• _Task instructions_:
Send back the line that contains "HEK293 overexpressing DOK5" and all lines following it through the end of the data below, exactly, omitting pictures.

╭─ Exercise input

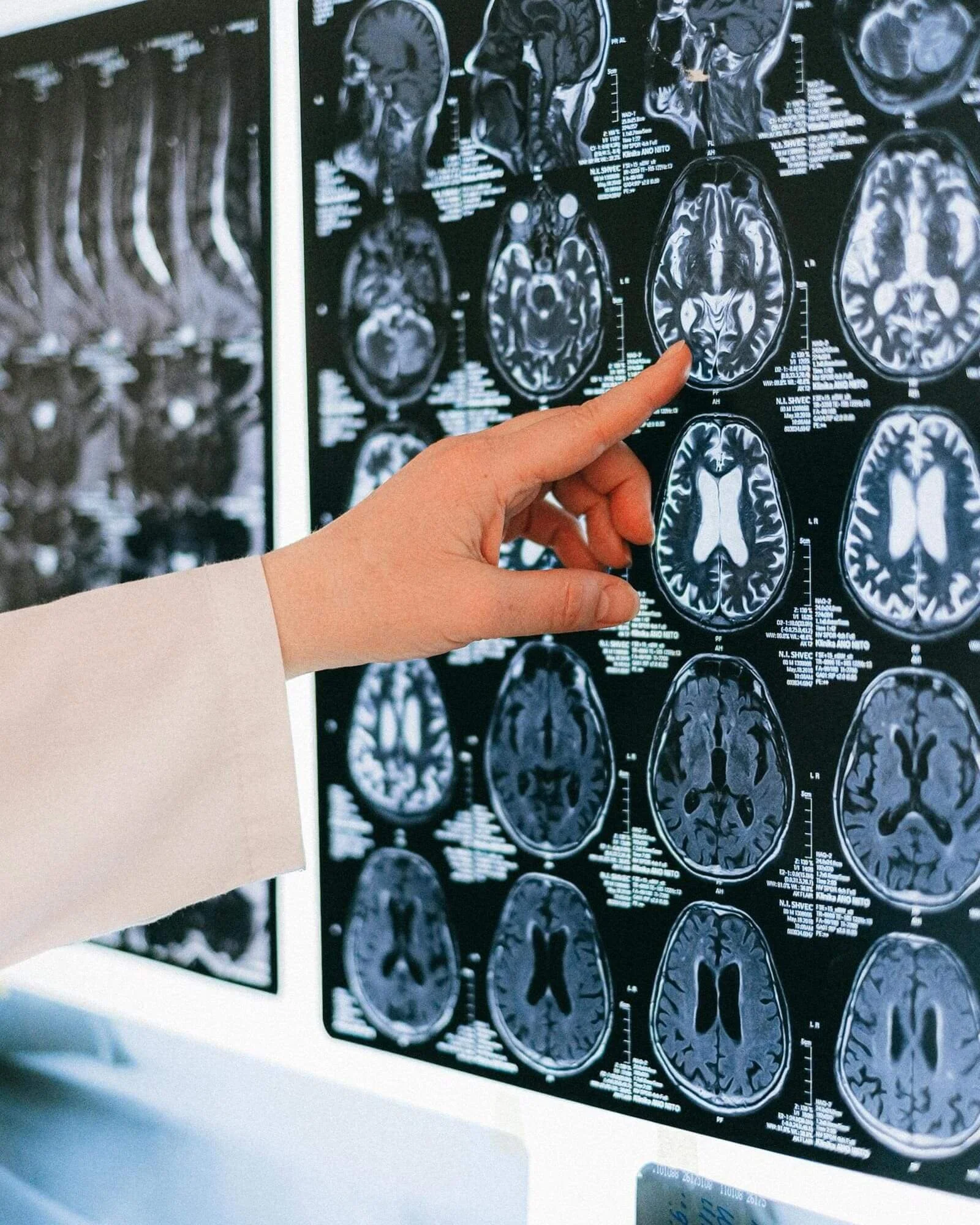 Finger pointing at a slide of brain scans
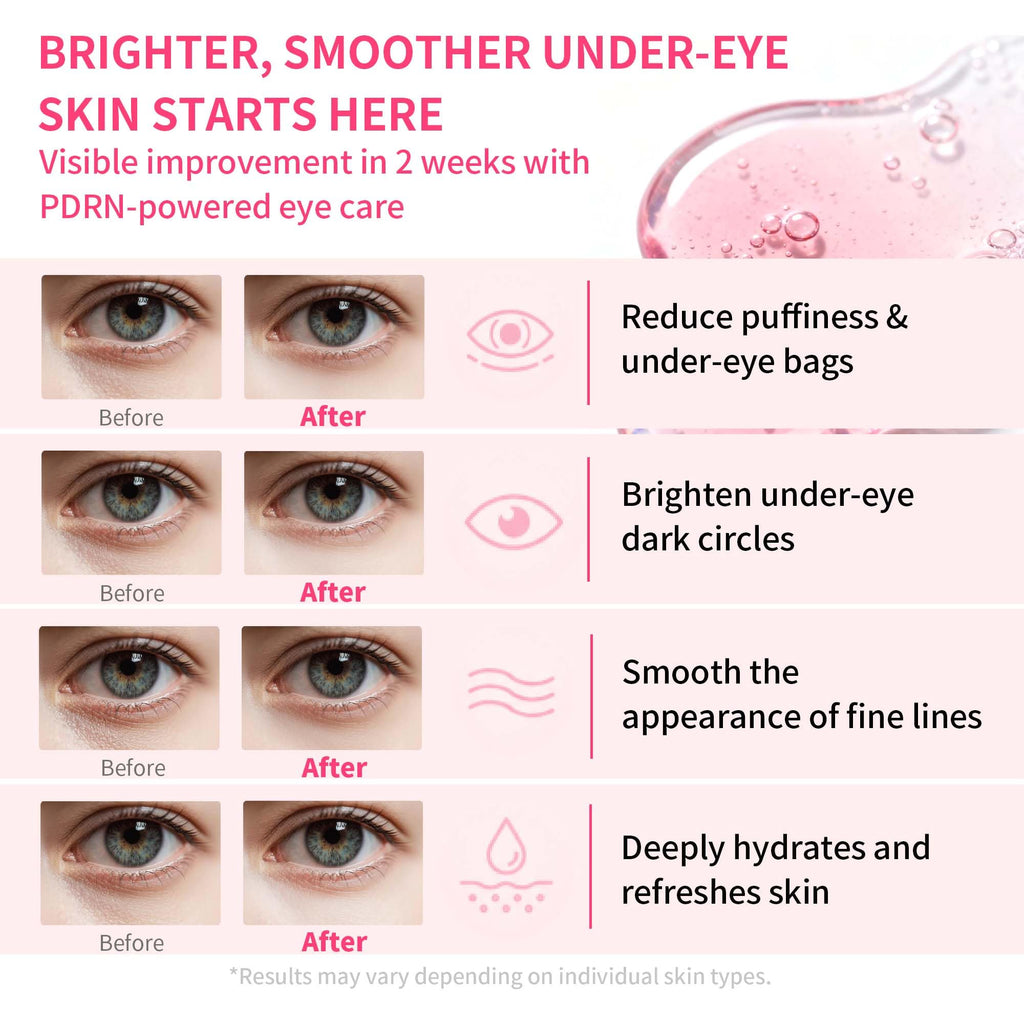Maskiss PDRN Under Eye Patches (25 Pairs), Tri-Color Eye Gel Pads with Retinol Caffeine, Eye Masks for Dark Circles Puffy Eyes Wrinkles, Collagen Self Care Gifts for Women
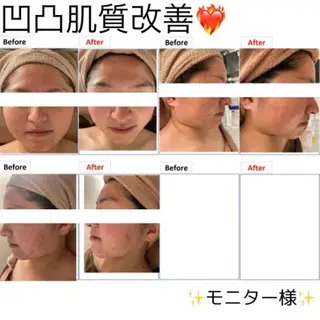 トータル美容 RAYVIS札幌店のエステ・リラクイメージ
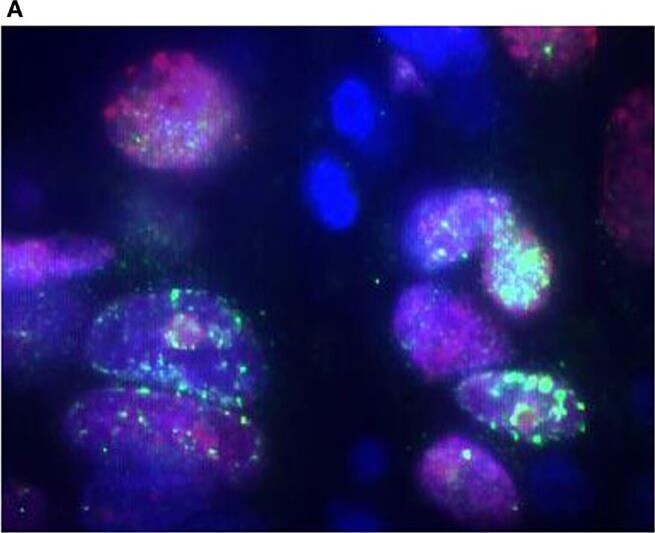 FANCD2 Antibody - BSA Free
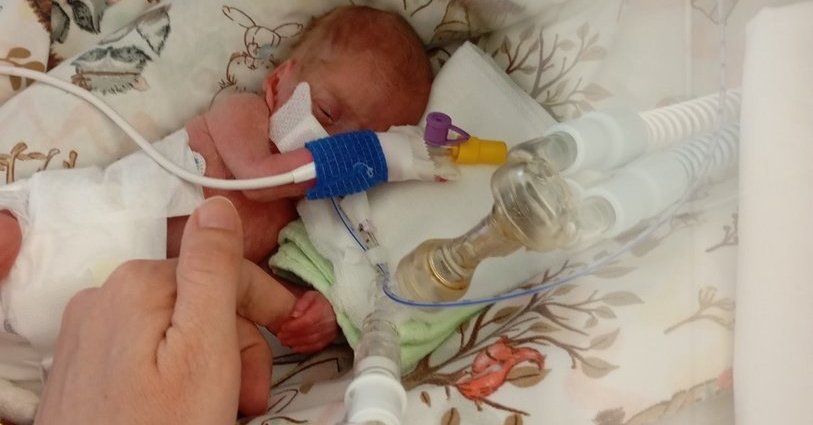 22 savaičių gimusios ir mažiau nei 400 gramų svėrusios Klaudijos stebuklas: „Ji pati rodė, kad nori gyventi“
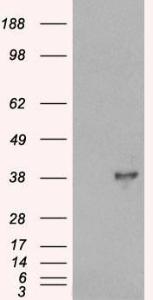 HEK293 overexpressing DOK5 (RC211718) and probed with Anti-DOK5 Antibody (A84044) (mock transfection in first lane), tested by Origene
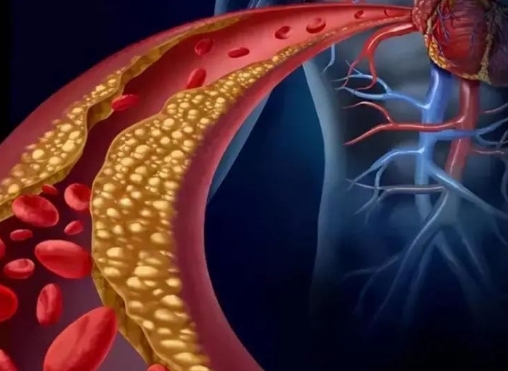 警惕！冠脈支架術(shù)后這些誤區(qū)千萬別踩，趕緊收藏！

╰─

• _Expected answer_:
 HEK293 overexpressing DOK5 (RC211718) and probed with Anti-DOK5 Antibody (A84044) (mock transfection in first lane), tested by Origene
 警惕！冠脈支架術(shù)后這些誤區(qū)千萬別踩，趕緊收藏！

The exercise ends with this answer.